Source data below:
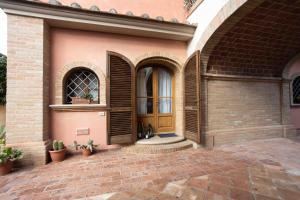 Cette maison dispose d'une porte en bois et d'une terrasse en briques. dans l'établissement CASA FLORA, à Rivoli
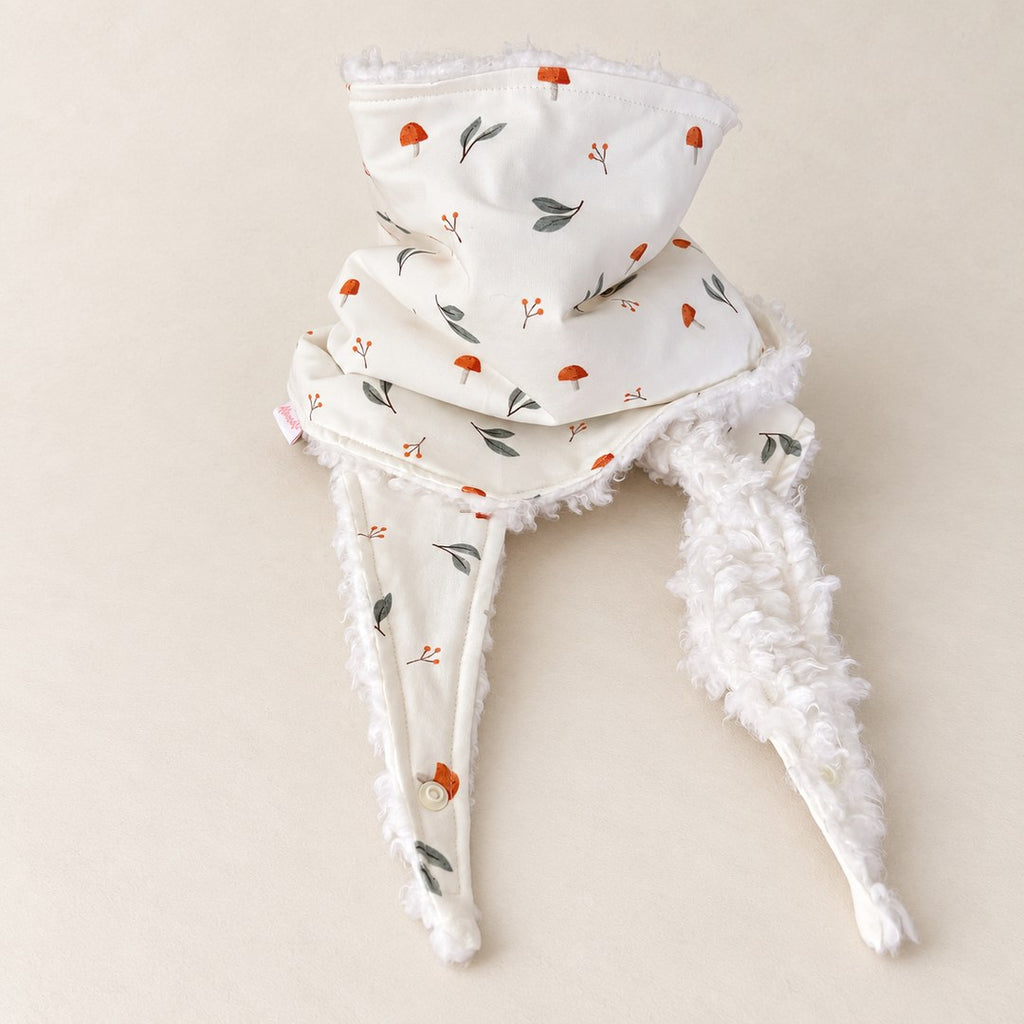 Foulard enfant écru à motifs de champignons orange et de feuilles vert gris, avec doublure blanche, présenté sur fond crème.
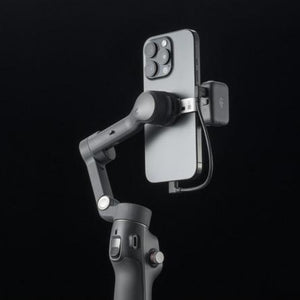 Phone holder attached to a gimbal on a black background
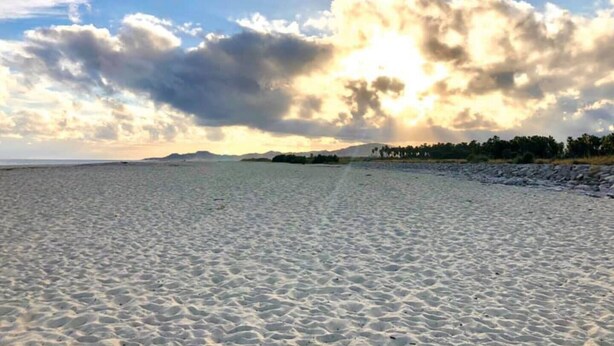 A beach with a wide sandy shore, a distant mountain, and a partly cloudy sky.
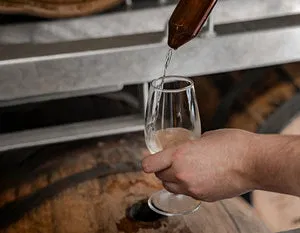 A hand carefully draws fresh spirit from a wooden barrel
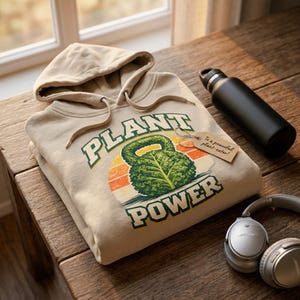 May include: A tan hoodie with the words "PLANT POWER" and a graphic of a leafy kettlebell. A black water bottle and silver headphones are next to the hoodie on a wooden surface. A small tag reads "To a powerful plant-eater!"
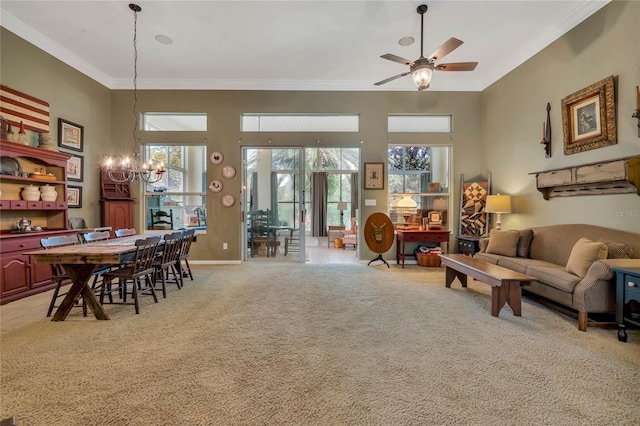 living room with crown molding, ceiling fan with notable chandelier, a healthy amount of sunlight, and light colored carpet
End of Source data.
#### [Problem details]
Could you write out verbatim only those lines that run from the line containing "Phone holder attached" through the end of the listing above, both included, without the pictures?

#### [Reply]
 Phone holder attached to a gimbal on a black background
 A beach with a wide sandy shore, a distant mountain, and a partly cloudy sky.
 A hand carefully draws fresh spirit from a wooden barrel
 May include: A tan hoodie with the words "PLANT POWER" and a graphic of a leafy kettlebell. A black water bottle and silver headphones are next to the hoodie on a wooden surface. A small tag reads "To a powerful plant-eater!"
 living room with crown molding, ceiling fan with notable chandelier, a healthy amount of sunlight, and light colored carpet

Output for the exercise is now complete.